Extracted records:

........

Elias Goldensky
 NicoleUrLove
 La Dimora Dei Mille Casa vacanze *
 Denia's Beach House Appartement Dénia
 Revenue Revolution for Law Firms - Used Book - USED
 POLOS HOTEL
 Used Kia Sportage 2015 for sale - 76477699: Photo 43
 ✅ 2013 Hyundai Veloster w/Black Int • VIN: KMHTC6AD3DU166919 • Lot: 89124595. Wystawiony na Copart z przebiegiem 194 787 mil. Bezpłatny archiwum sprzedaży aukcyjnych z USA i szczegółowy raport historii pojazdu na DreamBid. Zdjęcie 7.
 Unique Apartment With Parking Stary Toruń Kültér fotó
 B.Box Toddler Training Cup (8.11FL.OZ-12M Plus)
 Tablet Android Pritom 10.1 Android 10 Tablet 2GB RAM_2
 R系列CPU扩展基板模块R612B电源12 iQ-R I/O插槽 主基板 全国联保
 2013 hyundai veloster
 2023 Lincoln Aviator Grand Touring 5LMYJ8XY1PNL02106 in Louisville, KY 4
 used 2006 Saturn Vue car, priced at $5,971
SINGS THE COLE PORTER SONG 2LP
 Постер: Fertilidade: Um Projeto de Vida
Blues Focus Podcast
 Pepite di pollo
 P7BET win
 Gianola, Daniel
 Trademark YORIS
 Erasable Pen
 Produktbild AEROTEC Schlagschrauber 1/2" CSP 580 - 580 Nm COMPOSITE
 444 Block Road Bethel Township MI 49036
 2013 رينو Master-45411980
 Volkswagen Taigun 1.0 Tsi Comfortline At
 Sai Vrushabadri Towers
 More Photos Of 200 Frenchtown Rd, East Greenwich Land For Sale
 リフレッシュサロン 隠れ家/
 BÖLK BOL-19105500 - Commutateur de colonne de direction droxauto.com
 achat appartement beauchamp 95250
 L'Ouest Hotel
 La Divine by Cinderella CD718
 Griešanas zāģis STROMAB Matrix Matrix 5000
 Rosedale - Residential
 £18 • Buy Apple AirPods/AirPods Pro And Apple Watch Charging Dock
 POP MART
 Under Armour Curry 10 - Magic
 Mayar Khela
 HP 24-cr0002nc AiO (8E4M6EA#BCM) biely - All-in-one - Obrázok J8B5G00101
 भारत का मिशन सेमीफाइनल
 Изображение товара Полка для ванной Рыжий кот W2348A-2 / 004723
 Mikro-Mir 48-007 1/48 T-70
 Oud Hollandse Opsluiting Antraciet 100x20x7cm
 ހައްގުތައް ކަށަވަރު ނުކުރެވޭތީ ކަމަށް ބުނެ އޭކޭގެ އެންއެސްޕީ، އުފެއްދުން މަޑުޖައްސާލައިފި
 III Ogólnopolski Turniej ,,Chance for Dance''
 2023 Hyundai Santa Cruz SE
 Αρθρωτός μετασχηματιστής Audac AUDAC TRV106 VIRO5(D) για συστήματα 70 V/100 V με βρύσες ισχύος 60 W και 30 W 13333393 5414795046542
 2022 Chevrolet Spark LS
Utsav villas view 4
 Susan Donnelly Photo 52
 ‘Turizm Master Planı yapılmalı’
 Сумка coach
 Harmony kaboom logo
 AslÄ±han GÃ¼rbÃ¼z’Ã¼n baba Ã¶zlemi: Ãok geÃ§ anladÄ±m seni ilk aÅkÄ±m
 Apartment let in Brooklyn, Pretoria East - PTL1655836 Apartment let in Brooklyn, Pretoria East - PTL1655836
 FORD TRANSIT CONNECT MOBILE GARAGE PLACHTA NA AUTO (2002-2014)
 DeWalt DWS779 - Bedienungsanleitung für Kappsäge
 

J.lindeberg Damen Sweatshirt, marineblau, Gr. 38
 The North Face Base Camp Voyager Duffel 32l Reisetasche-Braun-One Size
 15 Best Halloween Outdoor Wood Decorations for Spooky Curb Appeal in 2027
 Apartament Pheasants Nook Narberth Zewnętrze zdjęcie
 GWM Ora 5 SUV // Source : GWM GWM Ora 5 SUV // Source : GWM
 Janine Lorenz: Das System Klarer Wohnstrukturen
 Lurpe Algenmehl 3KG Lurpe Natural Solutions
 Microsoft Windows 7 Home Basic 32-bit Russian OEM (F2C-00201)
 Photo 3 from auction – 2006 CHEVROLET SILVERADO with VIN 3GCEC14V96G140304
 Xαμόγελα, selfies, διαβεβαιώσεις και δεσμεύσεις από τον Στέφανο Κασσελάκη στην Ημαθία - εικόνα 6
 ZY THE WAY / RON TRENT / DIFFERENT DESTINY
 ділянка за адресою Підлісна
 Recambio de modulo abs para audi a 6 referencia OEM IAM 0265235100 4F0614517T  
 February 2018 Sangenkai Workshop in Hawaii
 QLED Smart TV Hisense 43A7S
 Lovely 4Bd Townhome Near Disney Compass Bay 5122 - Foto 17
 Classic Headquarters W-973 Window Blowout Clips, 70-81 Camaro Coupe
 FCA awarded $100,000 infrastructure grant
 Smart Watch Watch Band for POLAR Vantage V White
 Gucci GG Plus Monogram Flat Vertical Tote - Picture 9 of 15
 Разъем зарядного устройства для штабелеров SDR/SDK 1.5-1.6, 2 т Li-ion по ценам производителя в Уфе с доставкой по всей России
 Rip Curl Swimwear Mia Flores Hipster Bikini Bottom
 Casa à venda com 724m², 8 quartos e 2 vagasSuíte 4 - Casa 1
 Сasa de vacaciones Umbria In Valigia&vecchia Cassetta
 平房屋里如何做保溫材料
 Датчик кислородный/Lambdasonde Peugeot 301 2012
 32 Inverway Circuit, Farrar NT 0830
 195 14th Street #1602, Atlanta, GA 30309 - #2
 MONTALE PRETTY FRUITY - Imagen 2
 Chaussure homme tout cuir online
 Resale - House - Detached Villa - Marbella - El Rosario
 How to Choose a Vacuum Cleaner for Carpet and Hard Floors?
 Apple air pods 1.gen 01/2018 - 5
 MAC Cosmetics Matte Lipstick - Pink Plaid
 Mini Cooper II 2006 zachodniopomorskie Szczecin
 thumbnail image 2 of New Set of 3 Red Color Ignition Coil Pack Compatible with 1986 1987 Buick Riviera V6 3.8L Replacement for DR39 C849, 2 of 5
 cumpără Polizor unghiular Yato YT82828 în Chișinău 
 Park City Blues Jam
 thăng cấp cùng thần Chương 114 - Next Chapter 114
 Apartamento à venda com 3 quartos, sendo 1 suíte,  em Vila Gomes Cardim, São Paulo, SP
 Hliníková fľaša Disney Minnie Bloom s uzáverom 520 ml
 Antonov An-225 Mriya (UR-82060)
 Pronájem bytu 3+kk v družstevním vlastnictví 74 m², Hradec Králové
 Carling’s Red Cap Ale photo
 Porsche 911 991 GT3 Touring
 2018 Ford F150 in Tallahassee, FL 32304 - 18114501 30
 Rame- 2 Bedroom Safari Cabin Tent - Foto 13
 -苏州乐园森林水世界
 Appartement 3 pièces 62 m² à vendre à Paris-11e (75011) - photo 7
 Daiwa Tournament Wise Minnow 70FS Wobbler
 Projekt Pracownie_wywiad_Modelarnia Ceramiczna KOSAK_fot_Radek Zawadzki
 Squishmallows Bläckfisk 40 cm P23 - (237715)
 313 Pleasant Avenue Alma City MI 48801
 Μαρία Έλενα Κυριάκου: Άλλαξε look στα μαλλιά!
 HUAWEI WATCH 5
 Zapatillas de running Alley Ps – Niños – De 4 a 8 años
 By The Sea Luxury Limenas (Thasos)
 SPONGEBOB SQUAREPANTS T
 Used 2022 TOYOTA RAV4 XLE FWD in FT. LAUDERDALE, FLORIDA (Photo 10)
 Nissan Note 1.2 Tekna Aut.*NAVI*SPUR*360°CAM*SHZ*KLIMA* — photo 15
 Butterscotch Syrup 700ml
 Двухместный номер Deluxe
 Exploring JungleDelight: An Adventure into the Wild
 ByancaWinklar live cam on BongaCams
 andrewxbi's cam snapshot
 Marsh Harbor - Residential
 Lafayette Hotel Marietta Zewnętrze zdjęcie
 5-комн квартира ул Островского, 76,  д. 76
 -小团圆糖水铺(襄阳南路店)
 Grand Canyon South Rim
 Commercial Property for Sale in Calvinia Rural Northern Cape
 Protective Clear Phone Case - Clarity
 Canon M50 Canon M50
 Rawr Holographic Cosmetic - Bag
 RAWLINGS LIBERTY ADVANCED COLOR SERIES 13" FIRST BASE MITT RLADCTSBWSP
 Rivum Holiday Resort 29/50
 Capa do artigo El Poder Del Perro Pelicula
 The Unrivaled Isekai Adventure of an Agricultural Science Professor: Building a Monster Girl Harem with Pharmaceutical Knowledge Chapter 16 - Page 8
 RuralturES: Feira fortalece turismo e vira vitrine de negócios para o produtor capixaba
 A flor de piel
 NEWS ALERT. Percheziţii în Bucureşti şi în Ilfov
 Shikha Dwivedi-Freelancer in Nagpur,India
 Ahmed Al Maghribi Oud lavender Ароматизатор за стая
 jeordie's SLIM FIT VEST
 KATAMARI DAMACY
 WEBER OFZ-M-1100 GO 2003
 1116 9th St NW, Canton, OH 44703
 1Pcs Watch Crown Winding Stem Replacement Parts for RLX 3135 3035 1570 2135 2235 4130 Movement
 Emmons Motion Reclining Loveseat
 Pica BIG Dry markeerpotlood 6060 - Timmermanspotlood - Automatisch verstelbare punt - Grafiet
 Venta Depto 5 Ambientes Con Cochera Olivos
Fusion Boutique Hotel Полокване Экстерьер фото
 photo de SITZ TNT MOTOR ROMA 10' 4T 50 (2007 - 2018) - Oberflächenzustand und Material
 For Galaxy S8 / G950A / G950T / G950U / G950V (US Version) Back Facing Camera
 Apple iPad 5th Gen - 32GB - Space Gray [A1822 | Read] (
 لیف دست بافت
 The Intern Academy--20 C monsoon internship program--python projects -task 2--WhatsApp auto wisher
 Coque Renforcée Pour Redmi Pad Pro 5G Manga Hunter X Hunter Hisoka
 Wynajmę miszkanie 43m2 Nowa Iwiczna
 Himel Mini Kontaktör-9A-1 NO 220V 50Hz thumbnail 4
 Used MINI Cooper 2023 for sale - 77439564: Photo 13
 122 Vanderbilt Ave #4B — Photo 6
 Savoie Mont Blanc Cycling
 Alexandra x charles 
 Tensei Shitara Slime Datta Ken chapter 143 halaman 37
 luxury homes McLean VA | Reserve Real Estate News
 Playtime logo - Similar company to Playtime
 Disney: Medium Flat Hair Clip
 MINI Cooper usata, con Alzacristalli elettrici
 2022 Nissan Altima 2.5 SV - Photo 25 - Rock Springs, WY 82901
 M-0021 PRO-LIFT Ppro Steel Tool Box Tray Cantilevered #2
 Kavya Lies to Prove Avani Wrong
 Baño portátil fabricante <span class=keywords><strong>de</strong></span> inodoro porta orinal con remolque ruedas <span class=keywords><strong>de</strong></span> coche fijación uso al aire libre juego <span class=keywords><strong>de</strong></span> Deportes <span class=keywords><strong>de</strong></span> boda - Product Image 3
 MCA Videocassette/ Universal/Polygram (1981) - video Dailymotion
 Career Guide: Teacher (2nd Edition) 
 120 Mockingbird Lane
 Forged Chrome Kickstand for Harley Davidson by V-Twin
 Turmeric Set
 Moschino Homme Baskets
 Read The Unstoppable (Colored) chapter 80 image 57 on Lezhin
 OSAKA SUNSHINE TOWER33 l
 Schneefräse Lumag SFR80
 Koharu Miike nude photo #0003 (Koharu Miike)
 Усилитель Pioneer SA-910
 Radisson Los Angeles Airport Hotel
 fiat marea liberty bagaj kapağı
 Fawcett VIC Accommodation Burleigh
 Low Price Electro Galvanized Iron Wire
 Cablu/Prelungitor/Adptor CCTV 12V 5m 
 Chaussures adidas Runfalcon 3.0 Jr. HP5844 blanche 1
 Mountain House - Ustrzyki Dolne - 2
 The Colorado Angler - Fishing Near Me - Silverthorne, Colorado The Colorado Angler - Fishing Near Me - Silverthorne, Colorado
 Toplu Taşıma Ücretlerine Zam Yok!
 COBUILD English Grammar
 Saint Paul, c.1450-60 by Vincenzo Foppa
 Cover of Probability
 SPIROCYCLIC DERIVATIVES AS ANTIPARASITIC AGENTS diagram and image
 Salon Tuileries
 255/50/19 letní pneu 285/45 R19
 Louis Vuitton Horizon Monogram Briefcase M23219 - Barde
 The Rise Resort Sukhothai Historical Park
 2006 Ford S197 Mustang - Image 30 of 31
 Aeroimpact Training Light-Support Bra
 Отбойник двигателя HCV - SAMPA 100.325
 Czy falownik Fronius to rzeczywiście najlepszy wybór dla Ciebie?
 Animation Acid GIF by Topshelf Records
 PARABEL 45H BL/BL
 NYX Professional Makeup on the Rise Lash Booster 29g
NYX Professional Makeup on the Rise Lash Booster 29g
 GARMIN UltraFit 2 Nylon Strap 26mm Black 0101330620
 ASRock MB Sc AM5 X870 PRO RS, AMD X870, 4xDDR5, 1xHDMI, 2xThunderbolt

........

Work to complete
Pull every line with the word "Touring" from the data.

Task output
 2023 Lincoln Aviator Grand Touring 5LMYJ8XY1PNL02106 in Louisville, KY 4
 Porsche 911 991 GT3 Touring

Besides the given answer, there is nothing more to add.